In the previous lesson, we learned about .filter(), a built-in array method that searches through a collection, passes each element to a provided callback function, and returns an entirely new array comprised of elements for which the callback returned a truthy value.

Another very common built-in array method is .map(), which transforms every element in an array to another value.
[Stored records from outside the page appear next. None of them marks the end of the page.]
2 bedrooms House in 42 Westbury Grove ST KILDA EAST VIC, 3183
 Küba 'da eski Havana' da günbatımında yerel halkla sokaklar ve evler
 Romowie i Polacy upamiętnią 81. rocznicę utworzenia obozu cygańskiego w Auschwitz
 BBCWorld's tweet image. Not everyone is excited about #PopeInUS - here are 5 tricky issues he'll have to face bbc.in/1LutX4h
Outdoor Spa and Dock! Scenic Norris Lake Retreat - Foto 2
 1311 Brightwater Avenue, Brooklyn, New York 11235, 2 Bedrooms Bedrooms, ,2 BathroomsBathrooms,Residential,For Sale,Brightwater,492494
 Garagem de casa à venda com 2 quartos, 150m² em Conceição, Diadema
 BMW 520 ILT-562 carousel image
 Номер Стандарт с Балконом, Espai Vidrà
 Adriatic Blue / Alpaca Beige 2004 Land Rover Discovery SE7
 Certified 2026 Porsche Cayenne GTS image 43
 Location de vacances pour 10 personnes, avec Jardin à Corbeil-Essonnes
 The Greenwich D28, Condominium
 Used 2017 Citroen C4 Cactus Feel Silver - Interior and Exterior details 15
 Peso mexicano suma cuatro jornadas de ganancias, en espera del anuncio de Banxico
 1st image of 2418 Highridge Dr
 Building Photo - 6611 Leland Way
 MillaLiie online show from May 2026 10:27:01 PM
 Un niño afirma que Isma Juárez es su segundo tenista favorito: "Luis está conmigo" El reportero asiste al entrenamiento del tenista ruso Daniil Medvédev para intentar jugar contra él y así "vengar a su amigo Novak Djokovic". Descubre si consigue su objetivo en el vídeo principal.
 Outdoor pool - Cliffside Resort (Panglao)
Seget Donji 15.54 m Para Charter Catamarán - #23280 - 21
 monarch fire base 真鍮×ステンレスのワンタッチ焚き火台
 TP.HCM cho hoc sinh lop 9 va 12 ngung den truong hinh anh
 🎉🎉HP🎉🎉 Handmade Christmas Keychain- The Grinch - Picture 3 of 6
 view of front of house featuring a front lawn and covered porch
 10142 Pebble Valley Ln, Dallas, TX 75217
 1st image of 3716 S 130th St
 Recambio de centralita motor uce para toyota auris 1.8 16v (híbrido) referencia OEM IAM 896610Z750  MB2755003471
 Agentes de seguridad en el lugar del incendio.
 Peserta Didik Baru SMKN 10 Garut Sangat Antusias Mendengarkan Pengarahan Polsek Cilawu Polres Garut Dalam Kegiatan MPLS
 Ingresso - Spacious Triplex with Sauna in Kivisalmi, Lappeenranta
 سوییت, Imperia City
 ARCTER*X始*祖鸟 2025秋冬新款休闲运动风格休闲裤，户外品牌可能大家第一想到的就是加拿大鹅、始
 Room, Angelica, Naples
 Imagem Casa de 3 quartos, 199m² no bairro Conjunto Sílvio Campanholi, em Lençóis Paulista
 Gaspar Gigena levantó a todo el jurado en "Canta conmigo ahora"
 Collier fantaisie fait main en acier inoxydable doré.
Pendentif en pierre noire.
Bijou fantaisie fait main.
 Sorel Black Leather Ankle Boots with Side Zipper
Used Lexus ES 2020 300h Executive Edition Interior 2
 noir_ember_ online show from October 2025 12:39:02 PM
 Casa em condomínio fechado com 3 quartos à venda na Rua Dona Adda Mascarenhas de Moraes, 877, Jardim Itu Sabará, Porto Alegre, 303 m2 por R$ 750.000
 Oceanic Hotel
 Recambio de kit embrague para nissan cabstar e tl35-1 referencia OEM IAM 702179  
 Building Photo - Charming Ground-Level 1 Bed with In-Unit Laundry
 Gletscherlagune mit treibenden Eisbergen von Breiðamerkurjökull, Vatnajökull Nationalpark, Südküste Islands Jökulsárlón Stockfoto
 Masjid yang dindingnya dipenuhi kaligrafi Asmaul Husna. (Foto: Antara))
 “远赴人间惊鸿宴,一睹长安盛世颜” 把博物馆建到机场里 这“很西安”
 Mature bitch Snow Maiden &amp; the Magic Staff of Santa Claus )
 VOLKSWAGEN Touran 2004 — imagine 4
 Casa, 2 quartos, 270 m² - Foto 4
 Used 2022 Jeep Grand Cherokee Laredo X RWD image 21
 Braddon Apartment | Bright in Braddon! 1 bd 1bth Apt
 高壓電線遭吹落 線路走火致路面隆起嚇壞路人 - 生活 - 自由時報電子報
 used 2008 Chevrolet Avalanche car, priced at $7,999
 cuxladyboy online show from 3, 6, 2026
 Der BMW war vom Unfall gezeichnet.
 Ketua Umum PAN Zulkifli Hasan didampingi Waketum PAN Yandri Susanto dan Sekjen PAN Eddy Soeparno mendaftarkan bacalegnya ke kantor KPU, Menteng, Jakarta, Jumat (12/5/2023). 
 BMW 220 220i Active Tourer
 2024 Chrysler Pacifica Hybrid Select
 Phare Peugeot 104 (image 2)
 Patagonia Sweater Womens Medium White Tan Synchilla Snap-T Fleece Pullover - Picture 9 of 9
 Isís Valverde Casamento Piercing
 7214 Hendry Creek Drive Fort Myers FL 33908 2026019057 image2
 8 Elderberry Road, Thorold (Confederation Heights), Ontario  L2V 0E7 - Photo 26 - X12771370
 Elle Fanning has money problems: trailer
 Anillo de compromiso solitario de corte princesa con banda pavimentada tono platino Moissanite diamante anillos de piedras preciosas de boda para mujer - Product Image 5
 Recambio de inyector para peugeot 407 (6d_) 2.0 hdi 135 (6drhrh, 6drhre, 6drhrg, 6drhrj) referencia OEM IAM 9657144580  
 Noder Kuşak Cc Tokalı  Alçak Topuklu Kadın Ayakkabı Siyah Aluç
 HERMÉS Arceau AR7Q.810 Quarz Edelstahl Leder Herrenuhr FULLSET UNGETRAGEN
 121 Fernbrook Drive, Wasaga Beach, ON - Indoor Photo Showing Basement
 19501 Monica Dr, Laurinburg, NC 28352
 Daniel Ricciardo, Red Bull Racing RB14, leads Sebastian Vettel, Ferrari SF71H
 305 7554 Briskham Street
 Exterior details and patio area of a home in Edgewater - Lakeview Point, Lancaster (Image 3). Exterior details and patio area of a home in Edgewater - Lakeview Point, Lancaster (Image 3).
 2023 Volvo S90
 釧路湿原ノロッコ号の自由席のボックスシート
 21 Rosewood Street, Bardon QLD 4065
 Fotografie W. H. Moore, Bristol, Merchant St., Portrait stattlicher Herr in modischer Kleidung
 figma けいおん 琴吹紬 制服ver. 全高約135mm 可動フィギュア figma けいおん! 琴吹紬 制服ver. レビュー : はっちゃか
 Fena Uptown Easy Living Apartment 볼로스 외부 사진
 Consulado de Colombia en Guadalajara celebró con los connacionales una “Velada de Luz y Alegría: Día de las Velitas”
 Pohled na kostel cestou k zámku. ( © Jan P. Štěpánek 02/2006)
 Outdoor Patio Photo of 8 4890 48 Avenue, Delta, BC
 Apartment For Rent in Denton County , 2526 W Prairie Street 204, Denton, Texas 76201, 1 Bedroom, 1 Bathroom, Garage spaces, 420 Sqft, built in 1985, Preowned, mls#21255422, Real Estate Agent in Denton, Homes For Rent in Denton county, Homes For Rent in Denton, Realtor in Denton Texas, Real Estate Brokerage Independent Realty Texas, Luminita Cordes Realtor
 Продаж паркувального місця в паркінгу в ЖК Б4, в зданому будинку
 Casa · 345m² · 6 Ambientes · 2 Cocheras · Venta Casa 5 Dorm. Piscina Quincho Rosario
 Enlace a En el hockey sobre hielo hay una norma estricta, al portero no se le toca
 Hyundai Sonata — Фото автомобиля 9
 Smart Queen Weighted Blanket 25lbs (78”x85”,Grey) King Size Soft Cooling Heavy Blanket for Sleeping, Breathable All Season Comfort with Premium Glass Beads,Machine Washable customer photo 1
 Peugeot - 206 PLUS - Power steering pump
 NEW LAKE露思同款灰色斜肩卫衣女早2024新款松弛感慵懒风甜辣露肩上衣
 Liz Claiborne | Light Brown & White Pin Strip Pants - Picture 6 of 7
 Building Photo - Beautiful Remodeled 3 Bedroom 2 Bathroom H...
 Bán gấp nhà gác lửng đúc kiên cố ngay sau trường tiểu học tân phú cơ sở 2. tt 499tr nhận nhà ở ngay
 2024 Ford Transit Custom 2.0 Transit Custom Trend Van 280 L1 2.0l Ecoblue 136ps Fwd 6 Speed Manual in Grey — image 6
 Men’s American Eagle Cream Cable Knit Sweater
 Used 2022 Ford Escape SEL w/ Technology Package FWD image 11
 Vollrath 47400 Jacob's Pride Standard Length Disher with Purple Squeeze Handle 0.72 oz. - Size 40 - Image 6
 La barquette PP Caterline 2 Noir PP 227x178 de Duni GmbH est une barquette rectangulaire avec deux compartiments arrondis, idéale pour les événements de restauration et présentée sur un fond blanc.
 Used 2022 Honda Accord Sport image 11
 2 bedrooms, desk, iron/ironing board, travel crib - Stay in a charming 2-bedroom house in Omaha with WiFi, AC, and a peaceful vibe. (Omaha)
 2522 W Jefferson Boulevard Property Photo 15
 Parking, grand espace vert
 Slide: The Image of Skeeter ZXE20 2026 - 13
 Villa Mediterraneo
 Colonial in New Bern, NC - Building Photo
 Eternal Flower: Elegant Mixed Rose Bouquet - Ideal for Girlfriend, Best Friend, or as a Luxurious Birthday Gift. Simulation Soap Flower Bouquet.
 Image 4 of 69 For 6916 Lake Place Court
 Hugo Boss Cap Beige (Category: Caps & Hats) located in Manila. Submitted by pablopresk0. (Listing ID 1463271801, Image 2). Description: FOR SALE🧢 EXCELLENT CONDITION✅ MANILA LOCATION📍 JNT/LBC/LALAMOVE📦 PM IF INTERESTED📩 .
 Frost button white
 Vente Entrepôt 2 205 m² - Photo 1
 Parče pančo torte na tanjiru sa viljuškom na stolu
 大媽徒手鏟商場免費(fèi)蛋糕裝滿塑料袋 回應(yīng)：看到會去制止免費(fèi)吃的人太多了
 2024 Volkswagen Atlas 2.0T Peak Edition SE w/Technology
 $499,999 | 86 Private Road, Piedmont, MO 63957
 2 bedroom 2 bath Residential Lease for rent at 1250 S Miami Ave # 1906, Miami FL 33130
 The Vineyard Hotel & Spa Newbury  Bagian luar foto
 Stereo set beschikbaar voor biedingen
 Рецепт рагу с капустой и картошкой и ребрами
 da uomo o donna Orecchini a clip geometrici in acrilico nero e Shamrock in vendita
For example, it can be used to square every value in an array of numbers: [1, 2, 3] -> [1, 4, 9]. Like .filter(), .map() accepts a callback function, and passes each element in turn to the callback:

[1, 2, 3].map(function (num) {
  return num * num;
});
// => [1, 4, 9]

While both .filter() and .map() return a new array, .filter() returns a subset of the original array (unless all elements meet the provided condition) in which the elements are unchanged. .map(), on the other hand, returns a new array that's the same length as the original array in which the elements have been modified.

Let's quickly run through how we could create our own version of the .map() method.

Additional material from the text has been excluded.